Deregulation of the financial system over the last 35 years and tax preferences that benefit corporations and wealthy individuals have done much to increase the before-tax incomes of the top 1 percent. An army of tax accountants, many of them recruited from the IRS, has figured out how to push the envelope on tax avoidance for the big businesses and wealthy individuals that can afford their high-priced services. For these folks, tax accounting has been transformed from a service that makes sure that required taxes are paid to a profit center that manipulates the tax code to generate huge returns at the expense of the tax-paying public. Increasingly what we see in the United States is the growing importance of tax-payer financed capitalism.
There is no economic reason that the debt taken on by corporations should be treated differently in the tax code from the equity invested by shareholders, but it is. Corporations get to deduct the interest paid on debt from their earnings, thus reducing the corporate income tax they have to pay.
The tax code also provides an incentive for private equity firms, which plan to hold companies they acquire for their portfolios for just a few years, to load these companies with debt. In good times, this greatly increases the returns to investors. In poor economic conditions, this greatly increases the risk of financial distress and even bankruptcy, and imposes great costs on workers, creditors and communities. For investors with a time horizon measured in years and not decades, this is a risk worth taking for the promise of higher returns.

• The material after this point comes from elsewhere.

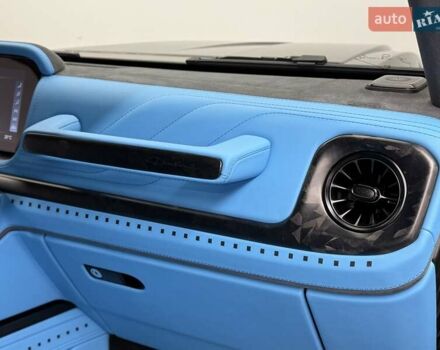 Сірий Мерседес Г-Клас, об'ємом двигуна 3.98 л та пробігом 15 тис. км за 365000 $, фото 67 на Automoto.ua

Tax preferences mean that income from owning stock is taxed at a far lower rate than income from working—a point made by Warren Buffet who famously pointed out that his secretary pays a higher tax rate than he does. The fiction that bonuses earned by partners in private equity and hedge fund firms is ‘carried interest’ that should be taxed at the lower rate on earnings from owning stock, rather than at the higher rate on ordinary income that ordinary workers and managers pay on their bonuses, boosts the income and wealth of these already wealthy economic players.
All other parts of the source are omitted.